John Donne (1572 - 1631) was an English poet of the metaphysical school, much of whose now highly regarded poetry was published posthumously. Interest and admiration of Donne's work was especially reignited by later poets such as T.S. Eliot and William Butler Yeats.

This paper not only explores Donne’s ideas, but also the ideas of other figures who share similar thoughts on the concept of ecstasy. After discussing Donne’s notion of ecstasy, I show how these ideas are conveyed in Donne’s poetry by looking at three examples: “The Extasie,” “Holy Sonnet XIV,” and “The Good-Morrow.”

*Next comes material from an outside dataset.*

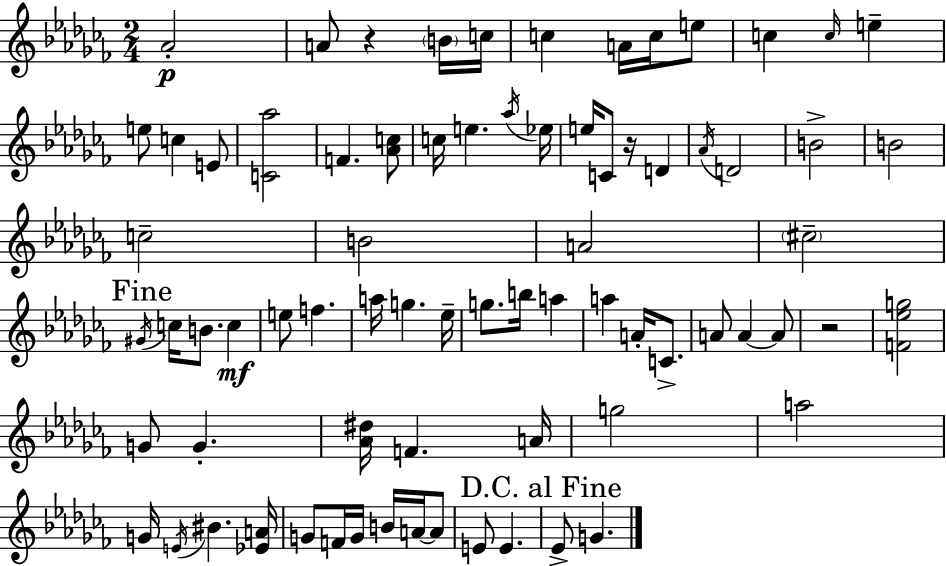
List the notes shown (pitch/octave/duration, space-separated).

Ab4/h A4/e R/q B4/s C5/s C5/q A4/s C5/s E5/e C5/q C5/s E5/q E5/e C5/q E4/e [C4,Ab5]/h F4/q. [Ab4,C5]/e C5/s E5/q. Ab5/s Eb5/s E5/s C4/e R/s D4/q Ab4/s D4/h B4/h B4/h C5/h B4/h A4/h C#5/h G#4/s C5/s B4/e. C5/q E5/e F5/q. A5/s G5/q. Eb5/s G5/e. B5/s A5/q A5/q A4/s C4/e. A4/e A4/q A4/e R/h [F4,Eb5,G5]/h G4/e G4/q. [Ab4,D#5]/s F4/q. A4/s G5/h A5/h G4/s E4/s BIS4/q. [Eb4,A4]/s G4/e F4/s G4/s B4/s A4/s A4/e E4/e E4/q. Eb4/e G4/q.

Mitchell (1968) gives a concise overview of Donne’s notion of ecstasy:

The inward union of the body and soul of man is achieved through the outward union of man and woman. Body and soul remain at odds within a person until he loves another person, for the reason that his soul realizes and knows itself through the experience of love, love being a state in which flesh, become subordinate or servant to the psyche, terminates its suppression of soul. During love, the soul is ecstatically freed from the body, transplanted into a richer soil, which is the soul of the other person, and thereby gains new strength and knowledge about itself in relation to its body. When at the termination of love’s ecstasy, the soul repairs to its body, the self is no longer a merely carnal or physical being, but a synthesis permitted by love’s potentiation of the soul. (p. 91)

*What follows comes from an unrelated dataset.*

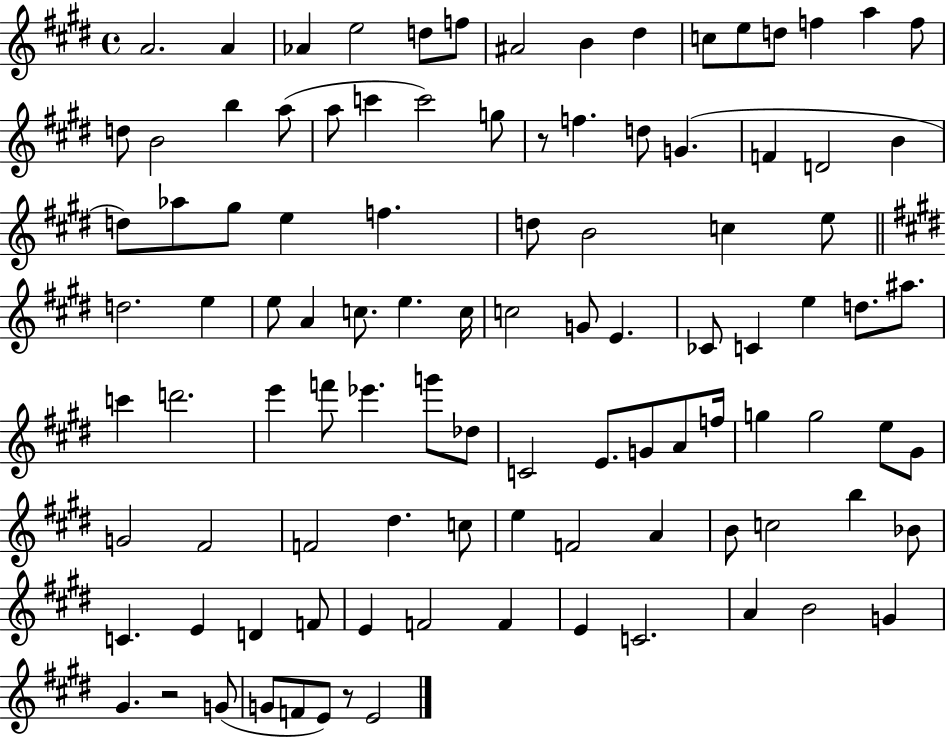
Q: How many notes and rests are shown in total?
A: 102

Donne’s notion of ecstasy may prove to be morally troublesome for traditional philosophies such as Stoicism. The Stoics believe the highest virtues are attained through self-control and avoidance of purely sensual experiences. They believe truth and beauty can be found through reason alone. To suggest to the Stoics that the pleasure of sexual experience can lead to spiritual truth would be to undermine their view of virtue.

According to Huntington (1977), the scholar Marsilio Ficino discusses a theory of virtue that greatly resembles Donne’s concept of ecstasy and challenges Stoic values, “The central requirement of the theory, that one give oneself up to the attraction of beauty rather than remain under the strict control of reason, involves a crucial violation of the Stoic moral ideal” (p. 41). Ficino’s theory permits “forms of sensual love which, however much they alarm the Stoic moralist, if pursued with the proper spirit and with the proper preparation have philosophic value” (Huntington, 1977, p. 42).

Cirillo (1969) supports the notion that both Donne and Ficino share a theory where a realm of spiritual possibilities exists within the experience of sexual union:

Through mutual love, two lovers achieve that perfect fusion of souls that makes them one—neither he nor she, but both he and she in one spiritual union. This theory is propounded in the writings of Ficino . . . and it suggests that the moment of union is preceded by ecstasy, or a love-death in which the two lovers are said to be dead, to die to life that they may live to love . . . This concept of union may be seen as the basis of many of Donne’s Songs and Sonnets. (p. 81)

Sexual union is seen as a path to spiritual harmony because of the relationship dynamic that has been established between the body and the soul. Along with Donne and Ficino, another historical figure who has been known to promote similar ideas regarding the ecstasy of the body/soul is Saint Teresa of Avila. McCann (1954) describes the similarities between the saint’s writings and Donne’s writings:

An examination of the two works . . . reveals not only some of the differences one would expect, but a surprising amount of agreement about the position of bodies and the movements of souls during a contorted ecstasy. That Teresa was famous for the violence of her ecstasies is evidenced by Bernini’s statue of her in the throes of a spasm. There is no evidence in Donne’s poem, or in his other works, that he himself had experienced an ecstasy. Yet there is a pronounced similarity in the reactions of two strong-minded individuals—separated by sex, history, and national culture but curiously alike in temperament—to a single startling experience. (p. 125)

The remarkable correspondence between Donne’s ideas and Teresa’s writings is interesting as both of them had significant relationships with the Church and Christianity throughout their lives.